陳皎投誠道:“我們母女能近淮安王的身,只要崔郎君愿意解圍,他日自有你用得上的地方。”
崔玨沉默不語,只是用微妙的眼神審視她。
一旁的徐昭有些詫異,萬萬沒料到她會用這般手段求人。
陳皎鐵了心強買強賣,打開天窗說亮話,耍流氓道:
“我與其被大房算計嫁到交州,還不如一頭撞死算了。
“橫豎都是死,總得拖幾個墊背的。
“今日崔郎君若愿保我,他日我們母女定當為你所用。
“你若不愿摻和,我也不會強求。
“只不過崔郎君不曾娶妻,阿英倒愿自薦枕席求得父親成全,就是不知崔郎君有沒有這個膽量敢接?”
她跪在地上,用最慫的姿態說著最強硬的話語,著實令一旁的徐昭無語。
跂坐在榻上的崔玨早就見慣人性之惡,但像她這般不要臉,且還歹毒的女人是頭一個。
用自己做籌碼逼迫他就范,若是不成,就拖他下水鬧個魚死網破。
主打“我不高興了大家都別想好過”的宗旨。
很好,瘋得很有自我。
崔玨面目陰沉,冷冷地盯著她,許久都沒有說話。
陳皎梗著脖子與他對視,她心里頭其實有點慫。
可是想到被一個五十歲老頭壓在身下的滋味,她寧愿豁出去拼個魚死網破。
也不知過了多久,崔玨才森冷道:“你于我,有何用處?”
陳皎見他松動,連忙回答:
“府里九房妻妾,我們母女初來乍到,在府中沒有任何依靠,是圓是扁皆由他人拿捏。
“不瞞崔郎君,我阿娘為著我的事日日不得安寧,只要崔郎君肯搭把手,我們自會投誠于你。
“就算眼下沒甚用處,他日定有用得著的地方。
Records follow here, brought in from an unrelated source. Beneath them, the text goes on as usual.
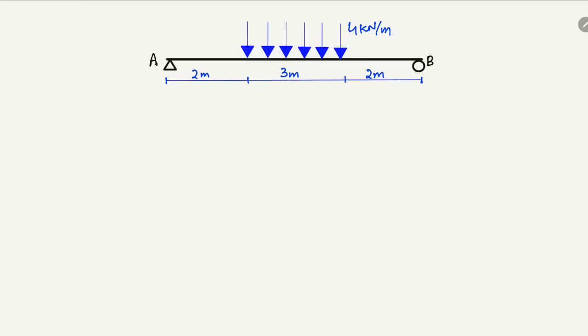In today's lecture we are going to analyze this beam by finding out the support reactions. There is a simply supported beam supported by a hinge support at point A and a roller support at point B. There is a uniformly distributed load of 4 kN per meter distributed over a length of 3 meters. The 2 meter lengths on each side are without any load. We have to find out the support reactions at these two points.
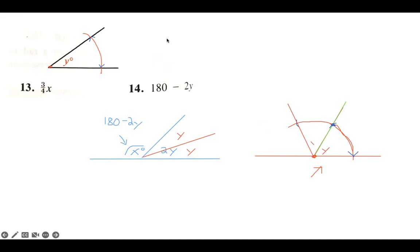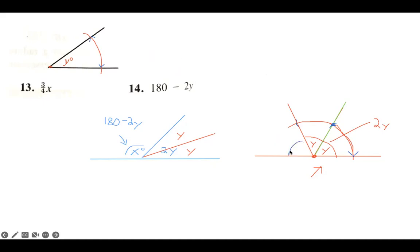So y plus y equals 2y. From here all the way over to here equals 2y. We were asked to construct 180 minus 2y, so the final answer is this angle right here in blue — that angle is equal to 180 minus 2y.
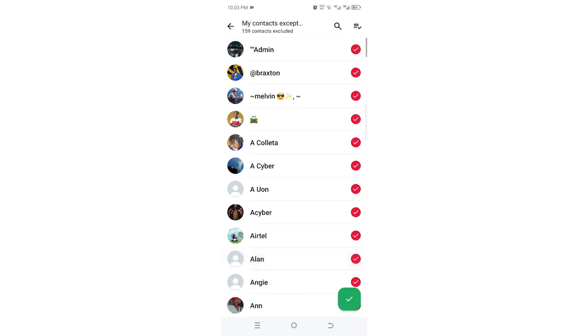Let me uncheck this contact here. After unchecking it, click the tick at the bottom right side of your WhatsApp. After unchecking the contact, since you've already exempted all the other contacts...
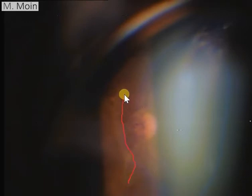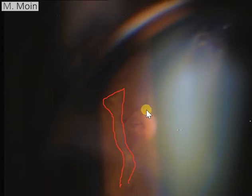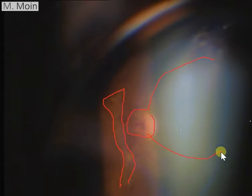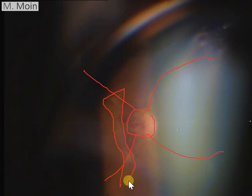He had this area of whitish band which you can see over here, so this is an area of tractional band. This is the patient's right eye, so what you're seeing is an upside-down picture of the patient. This is the temporal side, so this is the nasal side.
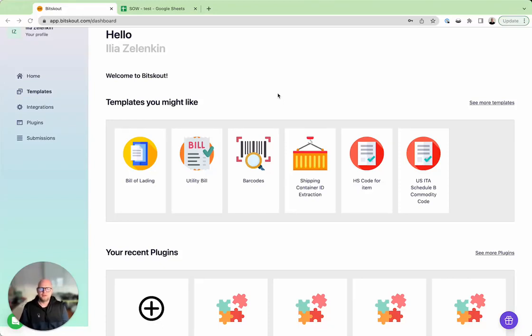Hi, I'm Ilya from BitScout and in this short video I wanted to show you how you can extract data from a statement of work into Google Sheet.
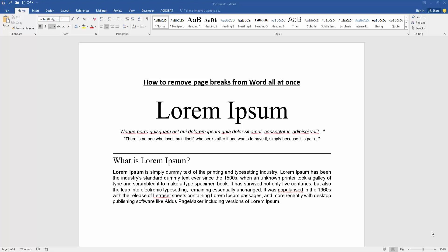Hello friends, welcome back to my new video. In this video I am going to show you how to remove page breaks from Word all at once. Let's get started. Firstly, we have to open our document.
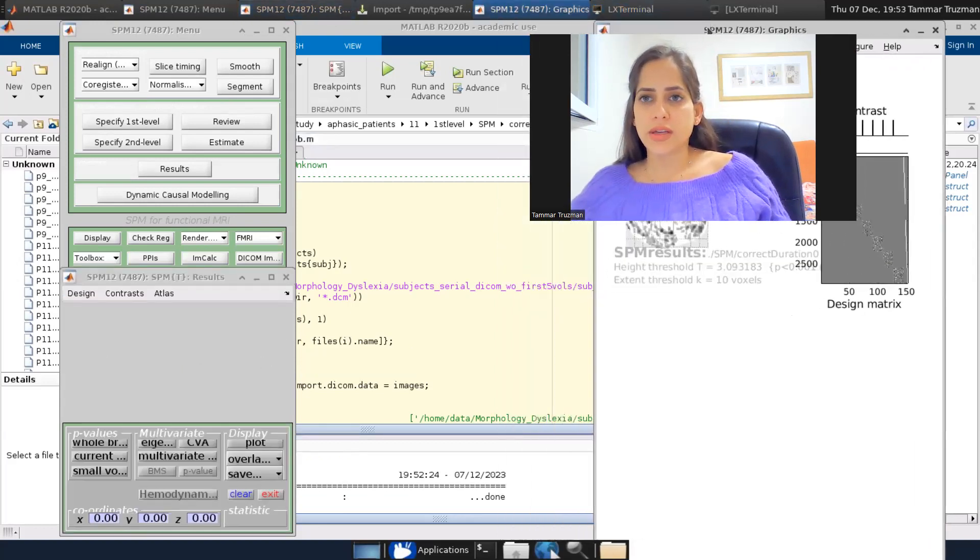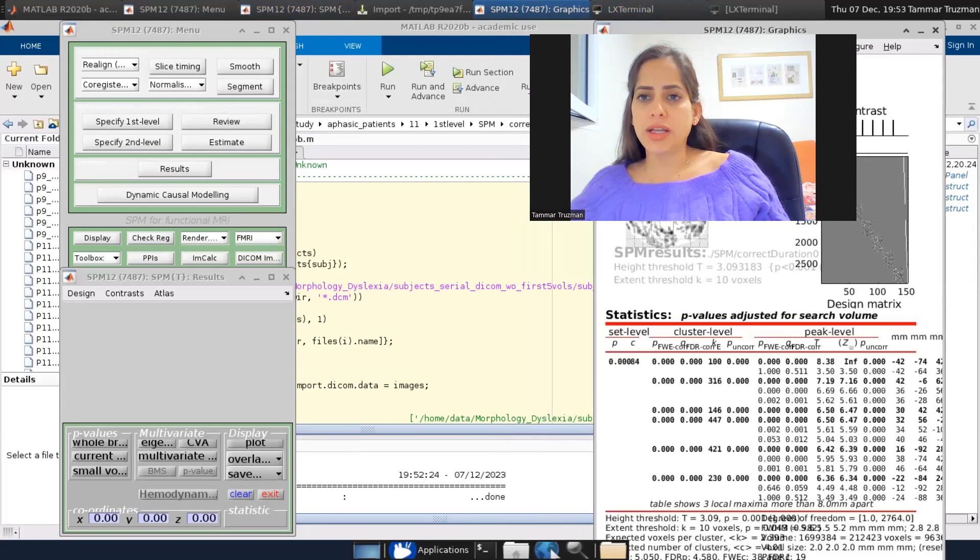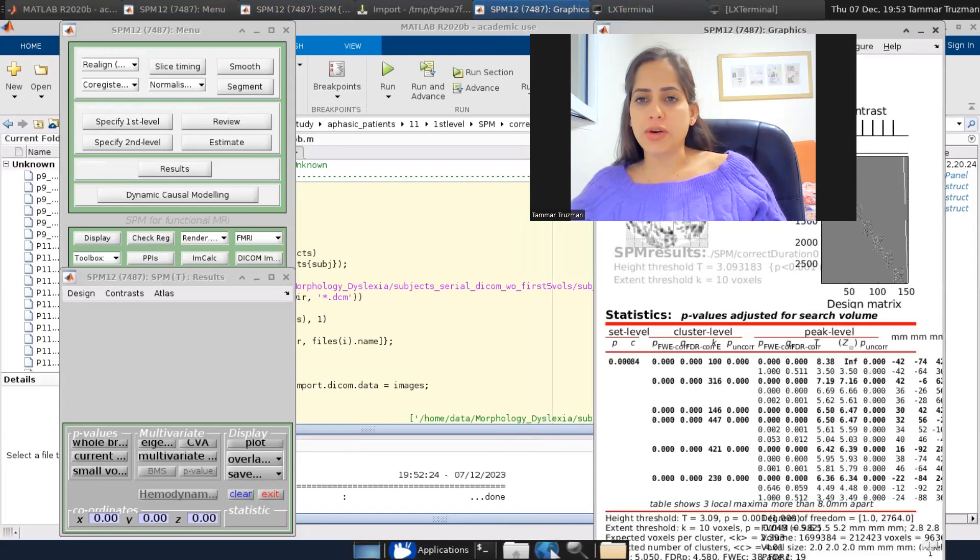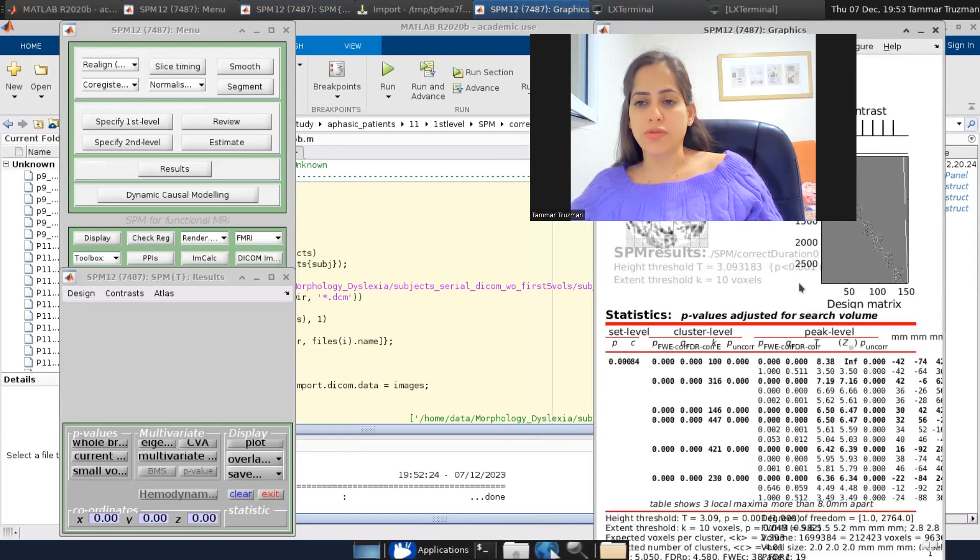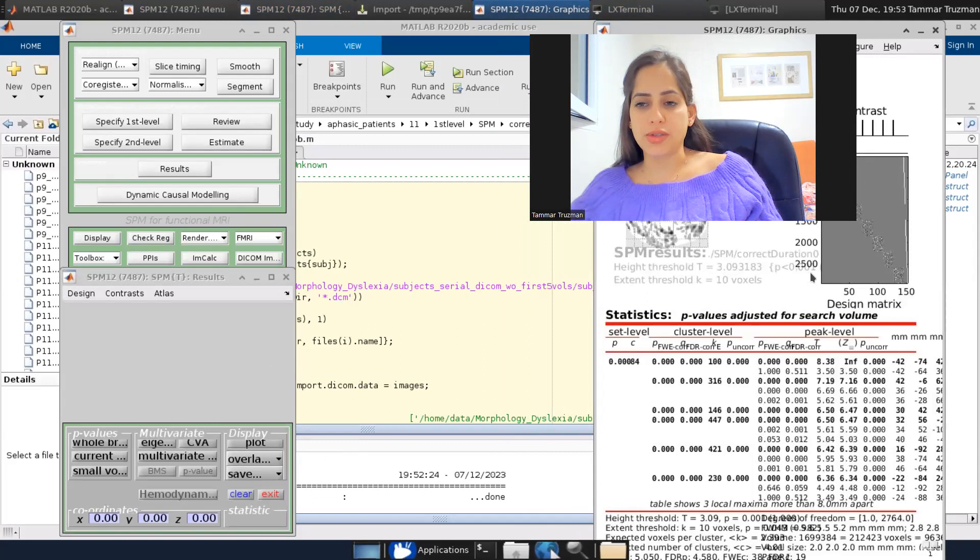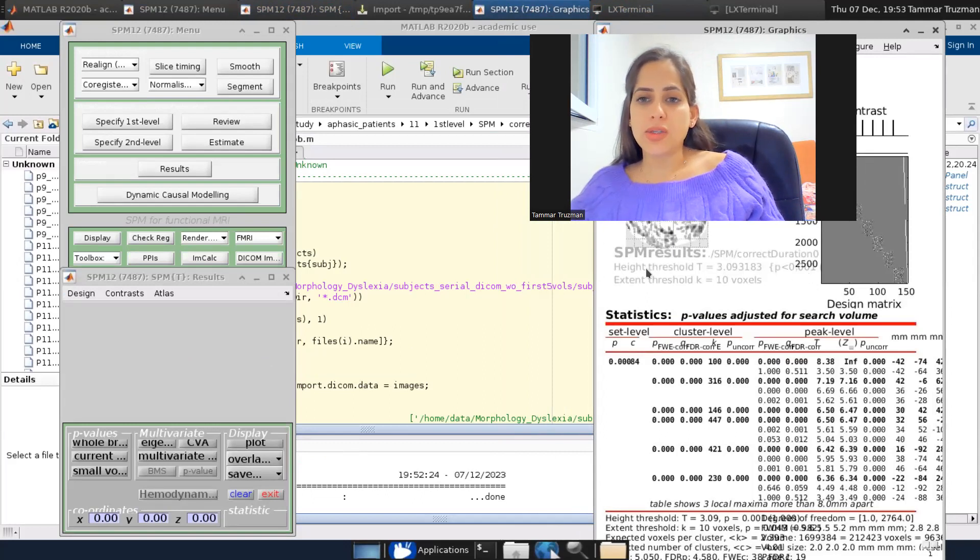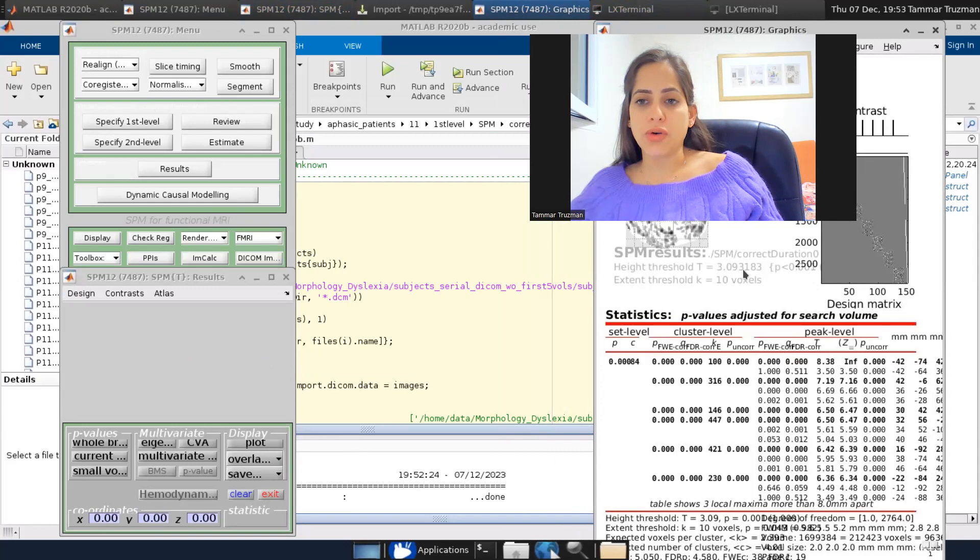So let's look at the results. We have the glass brain with all the voxels that pass this threshold of uncorrected p 0.001, and it equals to a high threshold T equals 3.09.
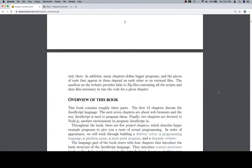In addition, many chapters define bigger problems, and the pieces of code that appear in them depend on each other or on external files. The sandbox on the website provides links to zip files containing all the scripts and data files necessary to run the code for a given chapter.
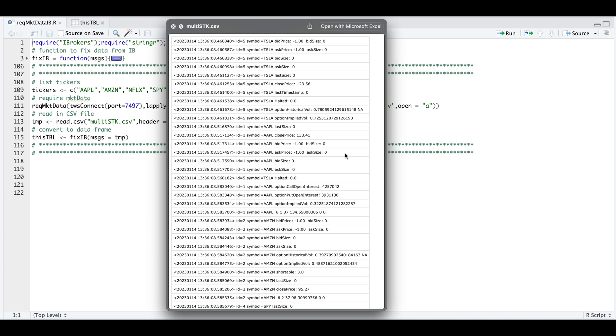Hey guys, in this tutorial, I'll show you an alternative on how to process live messages when using required market data.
”
她說得誠懇,無奈崔玨只抬了抬眼皮子,不耐道:“今日我沒見過你。”
“崔郎君!”
“回去。”
陳皎還想說什么,徐昭道:“陳小娘子且先回去,你是后宅女郎,在外頭耽擱得太久恐生事端。”
陳皎閉嘴不語。
徐昭做手勢請她離開,她只得無奈起身離去。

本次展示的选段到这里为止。